A prototype of ARM-COMS system has been developed to study the feasibility of the proposed ideas. The prototype system is a five axis robotic arm controlled by a microcontroller using gesture signals detected by a motion sensor. The prototype is designed to mimic the basic human head motion as the AEM function, which is one of the challenges of ARM-COMS. Focusing on the typical human head gestures including; nodding motion for affirmative meaning; head shaking motion for negative meaning; and head tilting motion for unsure meaning, the previous paper reported the basic control results [11]. Redesigning of the prototype system, the motion control algorithms of the prototype are also updated. This section presents the experimental results of motion control by these updates.

Figure 2 shows the setup of this experiments. Since the motion range of head movement is not so wide, this experiment used a hand gesture to analyze the motion of the ARM-COMS. In this experiment, ARM-COMS is controlled by gesture signals detected by a non-contact hand motion sensor. Therefore, a subject could freely manipulate hand gestures without any attachment. However, for data collection, a small receiver was attached to the back of the hand and terminal portion of ARM-COMS.

Fig. 2.
figure 2

Experimental setup

As the results of program updates, ARM-COMS could mimic the hand gesture motion based on the motion sensor control. From the experimental date, three types of hand gestures were selected to show the feasibility of head gesture motions, nodding, shaking and tilting, as shown in Figs. 3, 4 and 5. In each case, the hand gestures were repeated three times in a consecutive manner.

Fig. 3.
figure 3

Analysis of nodding motion (Color figure online)

Fig. 4.
figure 4

Analysis of head shaking motion (Color figure online)

Fig. 5.
figure 5

Analysis of head tilting motion (Color figure online)

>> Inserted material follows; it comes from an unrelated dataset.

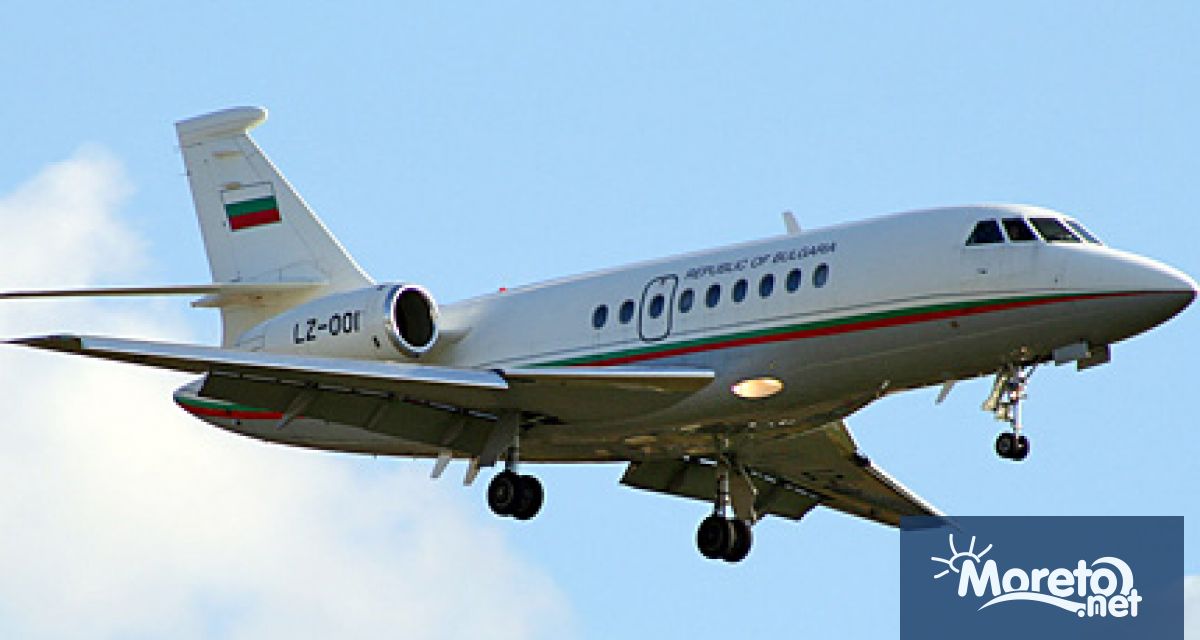 Членовете на екипажа на кораба Галакси лийдър и водената от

Figure 3 shows the snapping gesture of hand motion, which is identical to nodding gesture of head movement. The blue line shows the snapping gesture conducted three times in a consecutive manner, whereas the red line shows the corresponding ARM-COMS motion.

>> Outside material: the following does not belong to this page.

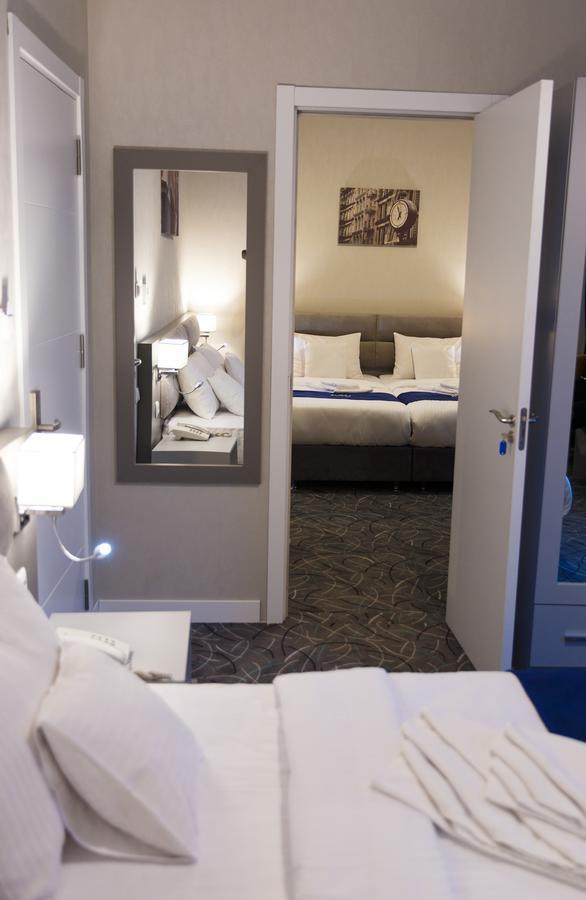 Tribeca Hotel Tiflis Exterior foto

Figure 4 shows the twisting gesture of hand motion, which is identical to head shaking gesture of head movement. The blue line shows the snapping gesture conducted three times in a consecutive manner, whereas the red line shows the corresponding ARM-COMS motion.

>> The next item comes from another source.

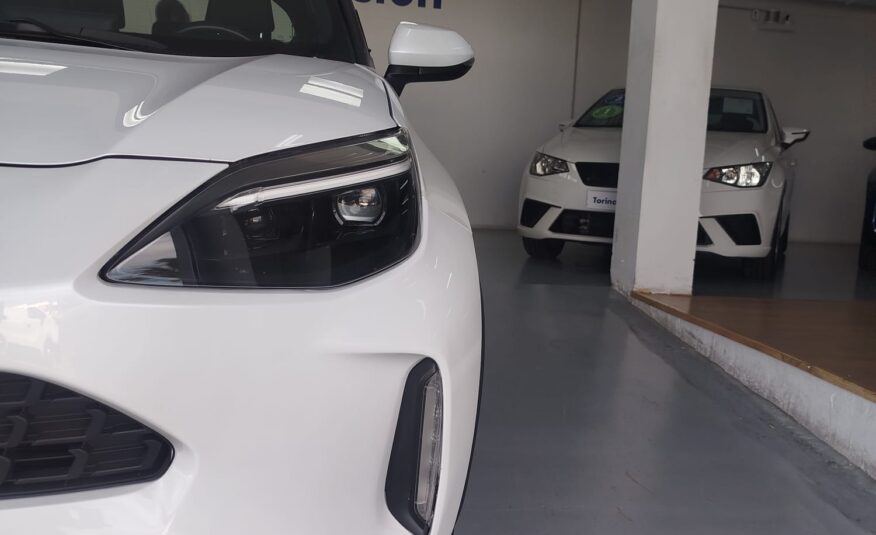 TOYOTA YARIS CROSS ACTIVE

Figure 5 shows the turning back gesture of hand motion, which is identical to head tilting gesture of head movement. The blue line shows the snapping gesture conducted three times in a consecutive manner, whereas the red line shows the corresponding ARM-COMS motion.

From the experimental results of the selected three types of movements, timing of ARM-COMS movement was almost corresponded to the master motion of the hand gestures. However, the trajectories of ARM-COMS were not identical to the original trajectories of master motion of hand. Jerky movement observed in ARM-COMS needs to be resolved before applying to the head motion gesture expression in remote communication.

4 Concluding Remarks

The paper presented an idea of active display monitor named ARM-COMS with the two types of modes in ARM-COM system, or IT-mode and IA-mode, followed by the three challenges based on these modes. The three basic functions of AP, AEM and AEP were also presented. The future goal which ARM-COMS is pursuing is not only the tele-presence feeling of a remote person, but also implicitly shows the relationship between the remote person and the local participants by way of the entrainmental behavior of a table PC manipulation.